Trzymaj mocno Aniu za mnie kciuki. Wiem, że dobrze wybrałam. Jeżeli masz ochotę wykorzystać coś z tego mojego wywodu, oczywiście możesz. Dziękuję Ci za wszystko.
Karo
Gratulacje dla autorki listu.
Super te obserwacje – niemal jak eksperyment naukowy i to zakończony sukcesem :-) no i dodatkowy bonus do tego posta – to ta przepiękna w swojej wymowie ilustracja. Tak Cię właśnie widzę. Zwycięsko podniesiona głowa.
Wow Karo chyle czola!Jestes gosciöwa!!!Gratulacje i duzo sil i motywacji!!!
Kurka ze ja takich silnych i motywujacych babek jak ty w swoim otoczeniu nie mam;ale by sie dzialo !
ps. A moze jakies kiedys spotkanko/nasiadowa ?!?Bylo by super tak sie zorganizowac i powymieniac tematami,porazkami ,sukcesami i zapalic i zmotywowac!?! Jak co pierwsza nasisdowa u mnie w Hamburgu
Wspaniale.
Ja po 3 miesiącach całkowitej abstynencji powrót i nawrót trwający juz 3 miesiące. Schudłam i znowu wszystko przytyłam. Nie umiem tego zatrzymać. Nawet jak jest ok i tak z tyłu głowy mam, że znowu będę się obzerac. U mnie jest w życiu tak źle i mam tak dużo stresu, że to niestety jedyna forma przyjnosci. To żałosne ale tak jest. Żarcie to jedyne co mi w życiu zostało. Nie mam bulimii – nigdy nie nauczyłam się wymiotowac co też mnie dolowalo. Od kilku lat, po prostu kompulsy :(
I nie jestem gruba. 174cm obecnie po przybyciu 7kg ważę 63kg. Ale nie jestem zgrabna tylko tzw skinny fat. Potraficie sobie wyobrazić co się dzieje z ciałem jeśli od 15 lat czyli przez połowę swojego życia się najpierw chudnie 6kg potem tyje 6kg i tak w kółko
Aktualnie znowu jestem w wadze jak miałam 15 lat. Całe moje życie to koszmar ED. A zaczęło się banalnie i niepozornie. Do tego olbrzymie problemy w życiu których sobie nie wyobrażacie…

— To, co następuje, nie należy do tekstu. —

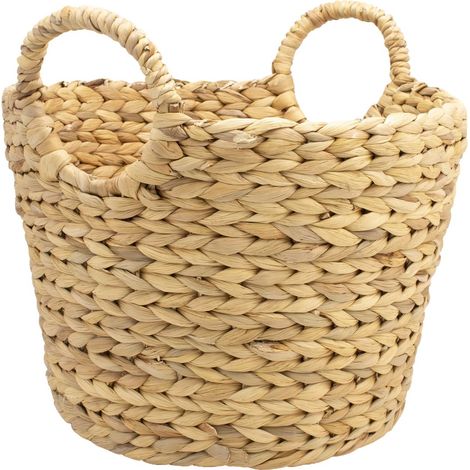 Panier de rangement jacinthe d'eau naturelle 26 x 34,5 x 30 cm (1/5)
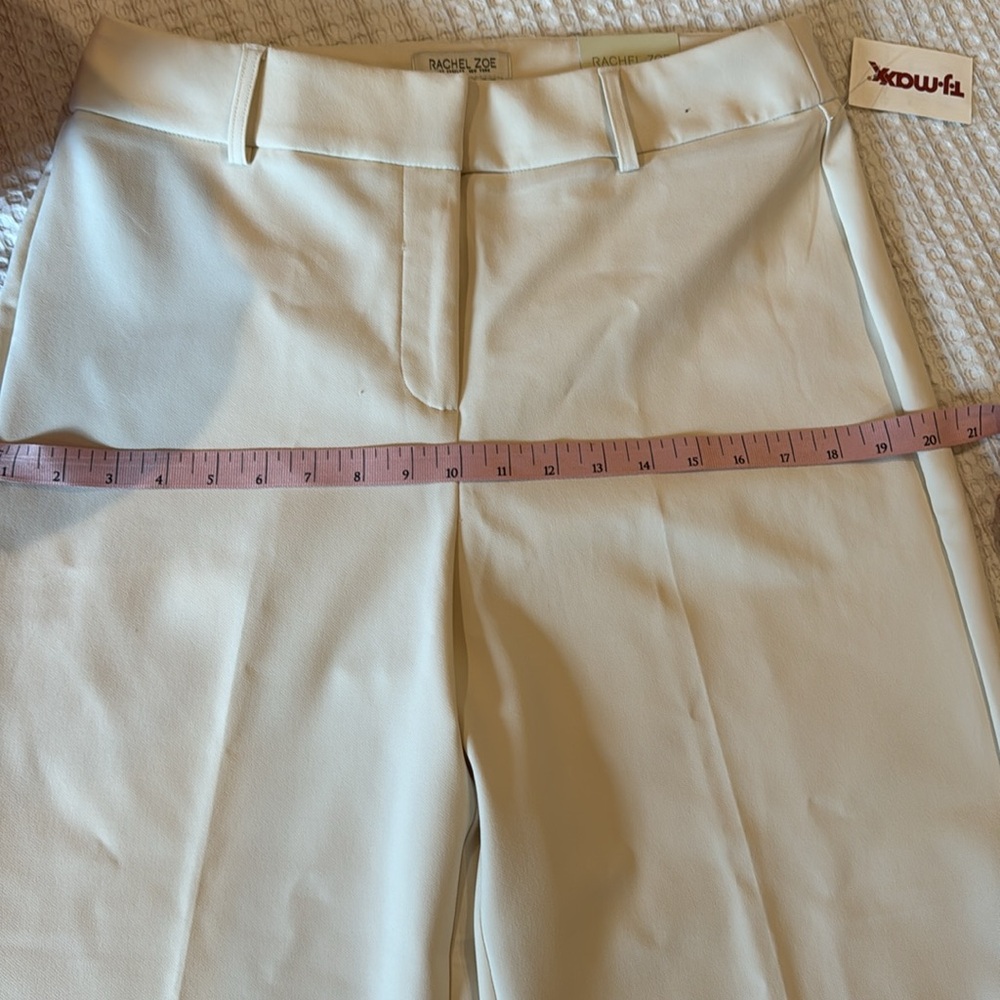Cream High Rise Crop Pant - Picture 6 of 10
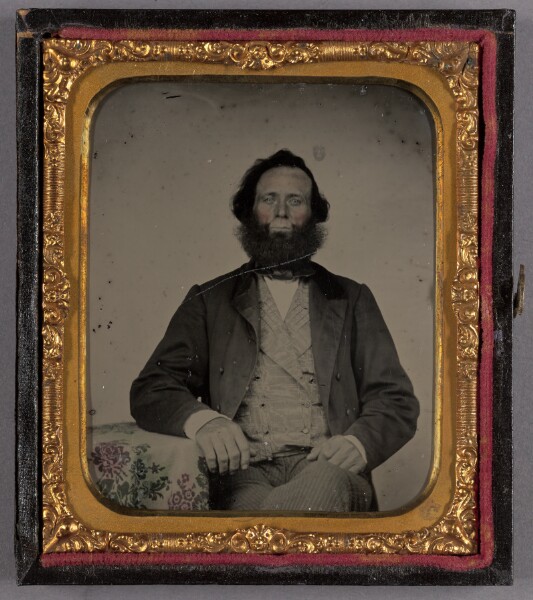 Unknown, [Portrait of a Bushy-beard Seated Man]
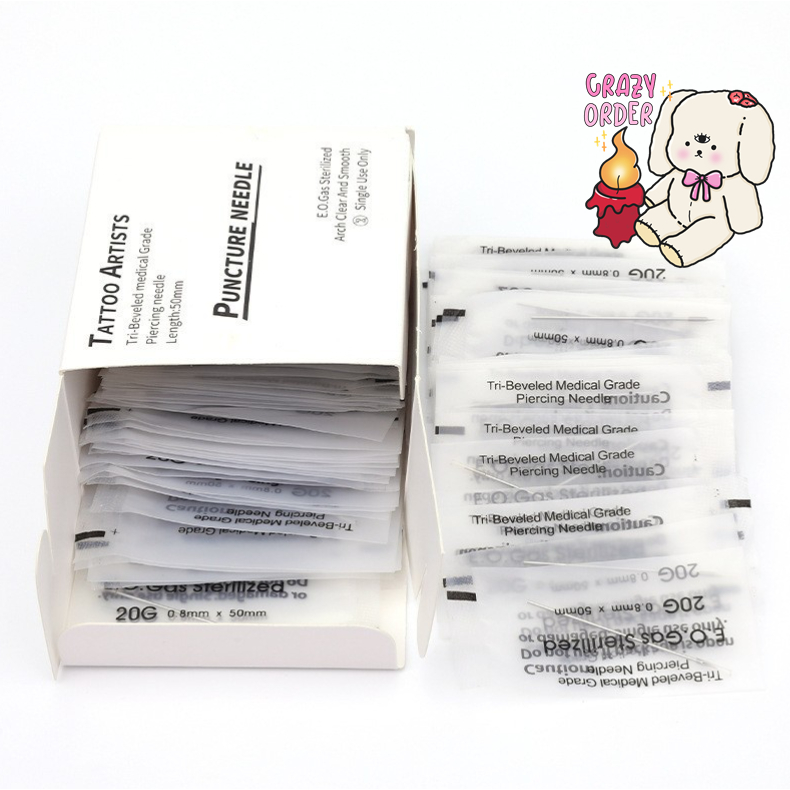 🩸 พร้อมส่งจาก กทม.- มีบริการส่งด่วน 🩸 เข็มเจาะร่างกาย ✅ Medical Grade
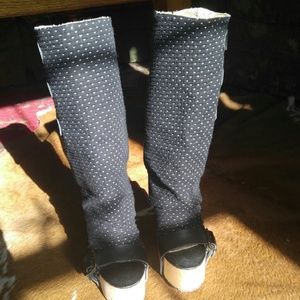 Irregular choice "mo money mo boot"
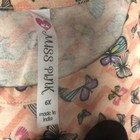 Miss Pink Girl’s Coral Butterfly Sleeveless Play Dress Size 6X NWT — photo 9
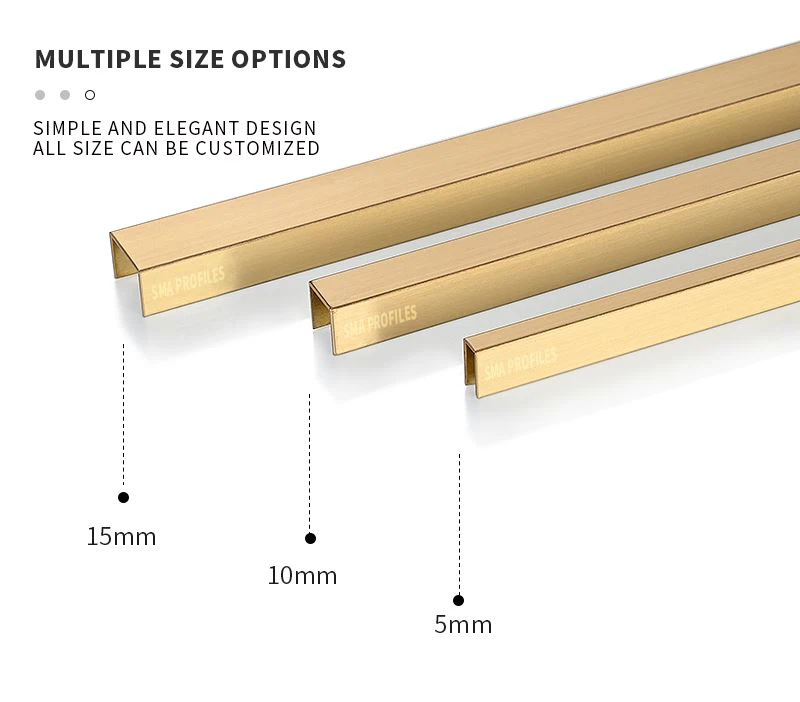 brass flat bar flooring trim
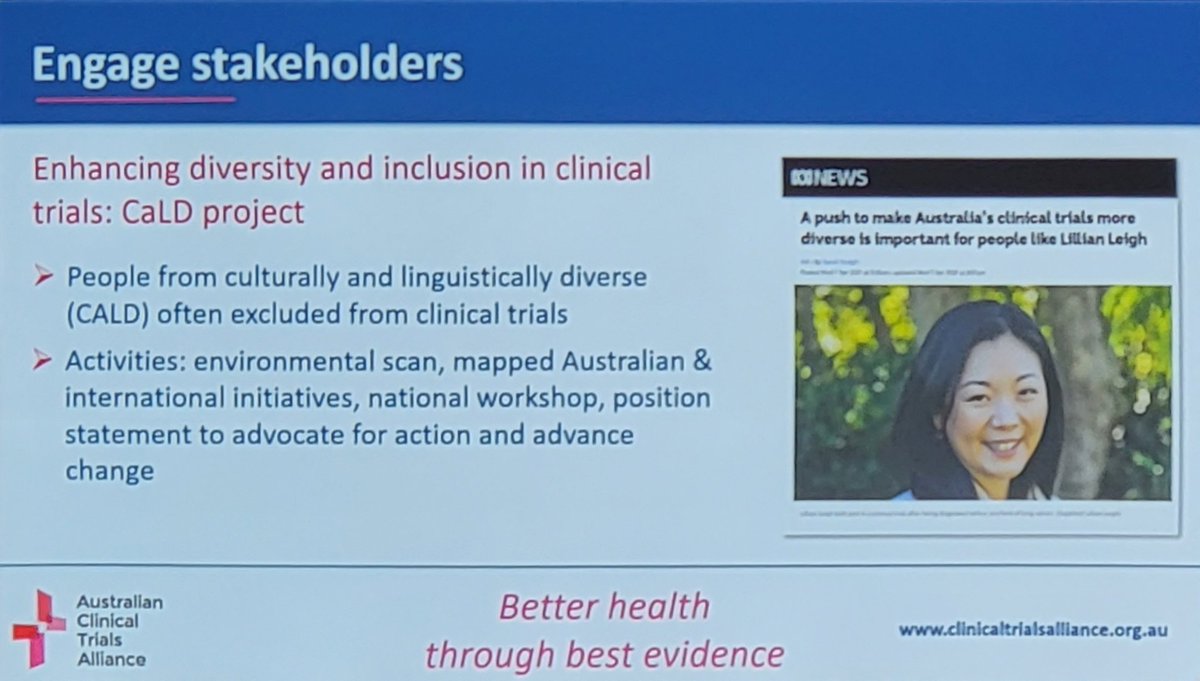 Top notch consumer engagement work by <a href="/ACTA_org/">ACTA: Australian Clinical Trials Alliance</a> with amazing <a href="/ProjectBreath/">Lillian Leigh GAICD</a>.
<a href="/ACTAcommunity/">ACTA Australian Clinical Trials Alliance</a> <a href="/ARCSAustralia/">ARCS Australia</a> #ARCS2021 #ARCSAus <a href="/AusClinical/">Aust Clinical Trials</a> <a href="/AustCT/">Aus Clinical Trials</a> <a href="/nhmrc/">NHMRC</a> <a href="/NicStraiton/">Dr Nicola Straiton (she/her)</a>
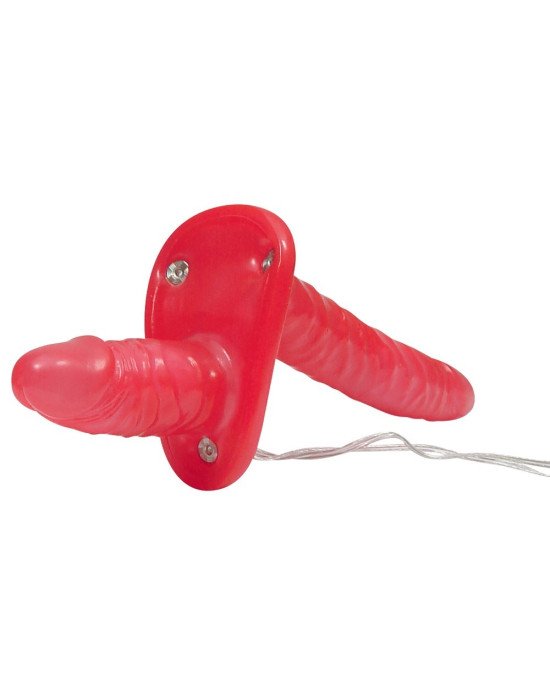 Страпон - Bad Kitty Vibrating Strap-On Duo Страпон - Bad Kitty Vibrating Strap-On Duo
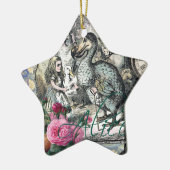 Alice im Wunderland Dodo Klassische Kunstwerke Keramikornament (Links)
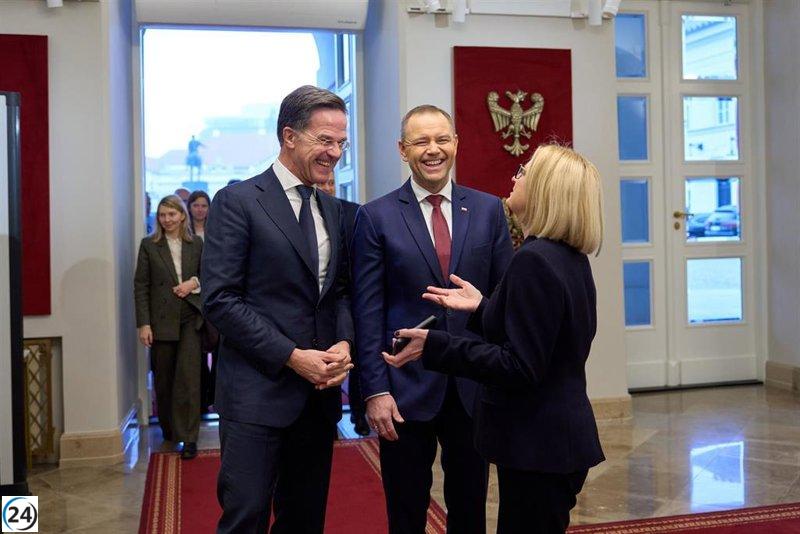 Rutte destaca que la seguridad de Ucrania se estructura en tres niveles con la participación de EE.UU.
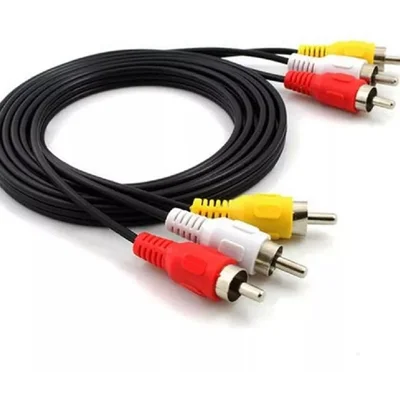 Cabo 3rca + 3rca Gold Com Coaxial - 5m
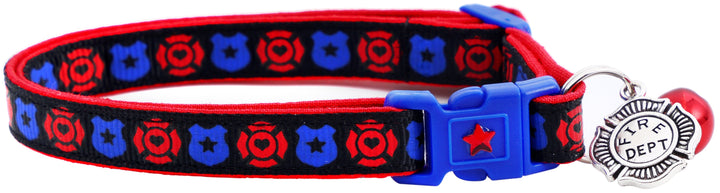 Fire and Police Badges Cat Collar Pugs2Persians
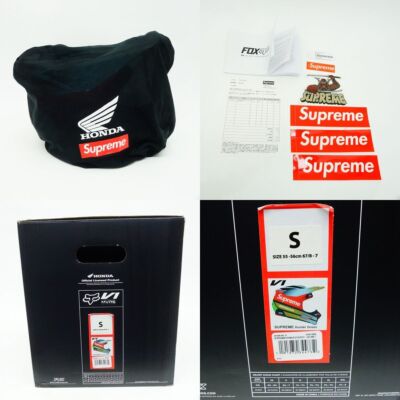 Supreme Honda Fox Racing V1 Helmet Moss Size Small 55-56cm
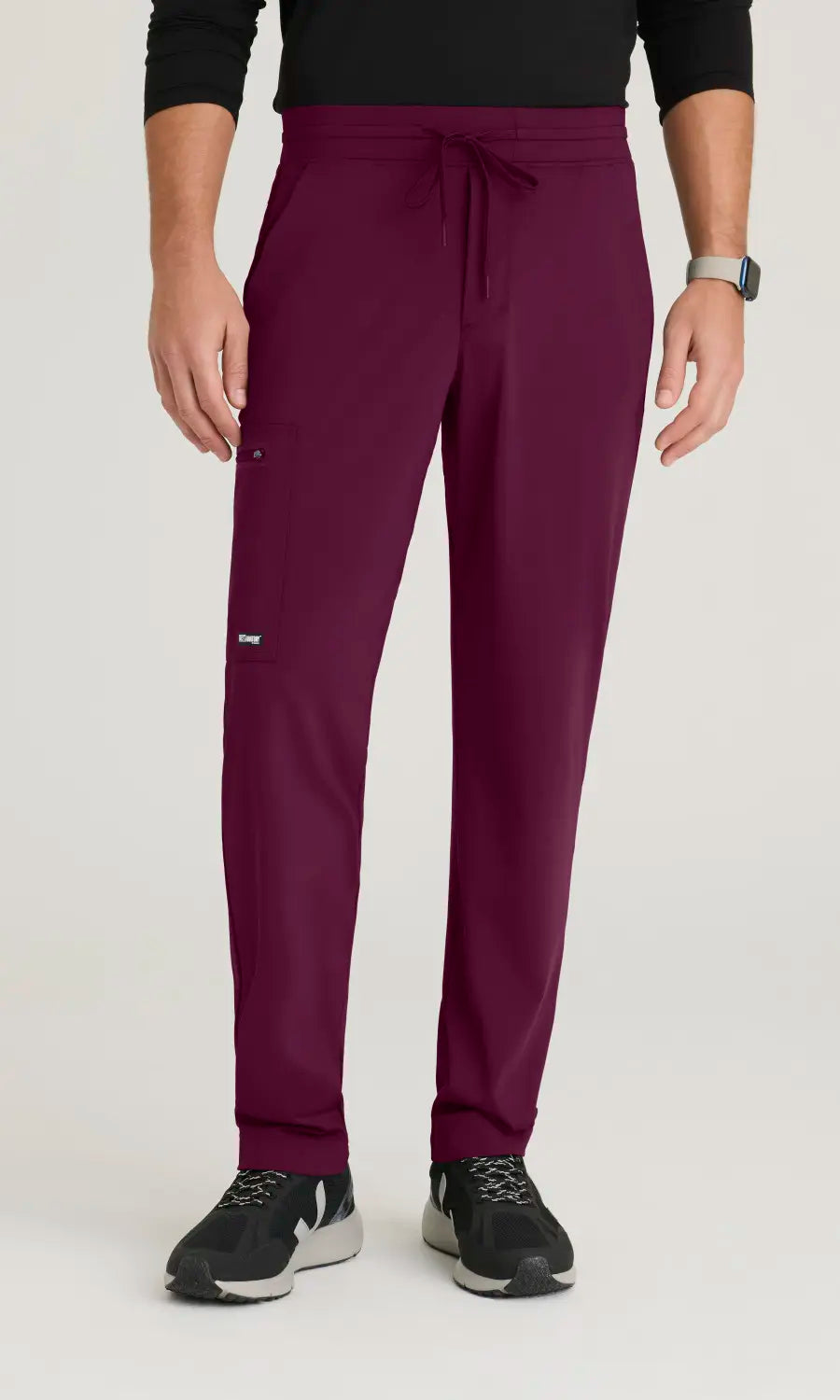 Grey's Anatomy by Barco Scrubs Men's Focus Pant Wine | scrub-supply.com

Przynajmniej udało się mi rzucić fajki i antydepresanty.
To chyba przez to rzuciłam się znowu na żarcie.
Stwierdzilam ze lepiej wypalić 4 fajki niż rzucić się na żarcie. Uspokajaly, odprężaly, bez bólu brzucha i uczucia ociężałości… Asentra trzymała mi emocje na poziomie i chemiczne uczucie szczęście.
I złudne poczucie ze teraz dam radę. I to chyba było zwolnienie mechanizmów obronnych dla wilka. Cóż. Został jeden nałóg jeszcze. Choć teraz ciągnie mnie do alkoholu ale sobie tłumacze ze to moje chore skłonności do nałogow i nie mogę sobie kolejnej biedy narobić.
Jestem teraz w dołku swojej fali, czekam na dno żeby sie odbić.
Z zewnątrz ludzie myślą piękna, mądra, szczupła, zgrabna, wykształcona, ambitna, uśmiechnięta, sympatyczna.
Gdyby wiedzieli jakie sekrety mnie przytłaczają, co musze nosić sama na barkach, jak bardzo nienawidzę tego życia, jak bardzo chce uciec, jak mnie życie dotknęło i nie chodzi mi o ed bo to mój najmniekszy problem.
Ha
Miały być gratulacje ale wylalam trochę żółci. Przepraszam, nie chce mi się nawet tego czytać i kasować.
Wiecie co. To jest strasznie upokarzajace ze nie radzę sobie z żarciem czyli fizjologia. Przez to właśnie mam niskie poczucie własnej wartości które zażeram i koło się zamyka. Żarcie, kompulsy -> niskie poczucie własnej wartości -> żarcie, kompulsy -> niskie poczucie własnej wartości.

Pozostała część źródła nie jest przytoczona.